Firm says it saves money in the long-run by allowing executives to focus on data analysis instead of data gathering.
Board members wondering why they’re starved for quality information from management may find the answer in a lack of good technology. This causes finance departments to spend too much time collecting data and not analyzing it, according to a report from PricewaterhouseCoopers.
The data, revealed in a PwC benchmarking study, Is Finance Rising to the Challenge?, showed that companies that put the resources toward better support technology, that is “standardizing and simplifying processes, data and supporting technology,” were able minimize the costs associated with gathering financial and non-financial info and drive better performance from the finance team.
But companies will need to pay up first, according to PwC. This means more resources toward data warehousing, ERP “and other technology and processes that could help to facilitate more effective information supply and control,” PwC said. Companies will also need to pay higher salaries and pay for education.

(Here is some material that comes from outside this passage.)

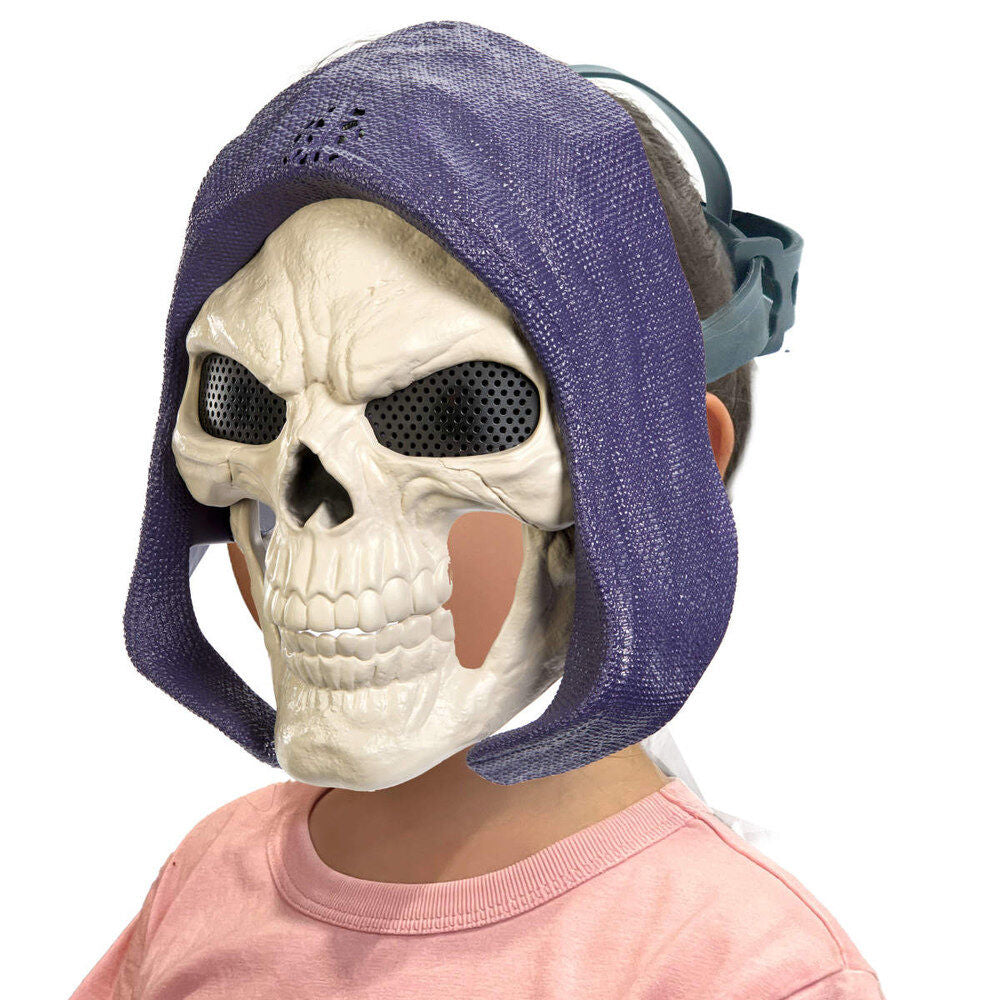 Máscara de Skeletor con capucha morada de Masters of the Universe - 5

In the study, PwC found that company that have successful finance departments invest 30 percent more resources for analytical activities and pay finance executive 25 percent more than other organizations. Further, PwC found that some form of centralization, whether using a shared service center or consolidating transaction processes, which more than 65 percent of respondents have done, improves finance function performance. By centralizing information management in one location, companies not only reap savings but also help in standardizing the technology which in turn frees up finance professionals to concentrate on analysis instead of data gathering, the report said.
Left as it is, PwC reports that the average company spends 55 percent of analyst time on gathering data as opposed to analysis of that data. The need to centralize was most striking in PwC’s results that found that even though nearly half of all financial professionals had access to one database for financial information, under of quarter of that same group was able create a quality board report with the data. Instead, most professionals needed to access multiple applications and databases. All in all, those companies that put the resources toward centralizing and standardizing systems closed and reported financial results in nine days vs. 12 days for those companies that do not.
Taking steps to simplify and standardize,”will clearly be a big step towards re-balancing the role of the finance function,” according to Nick Jarman, a partner in the finance effectiveness consulting practice at PwC.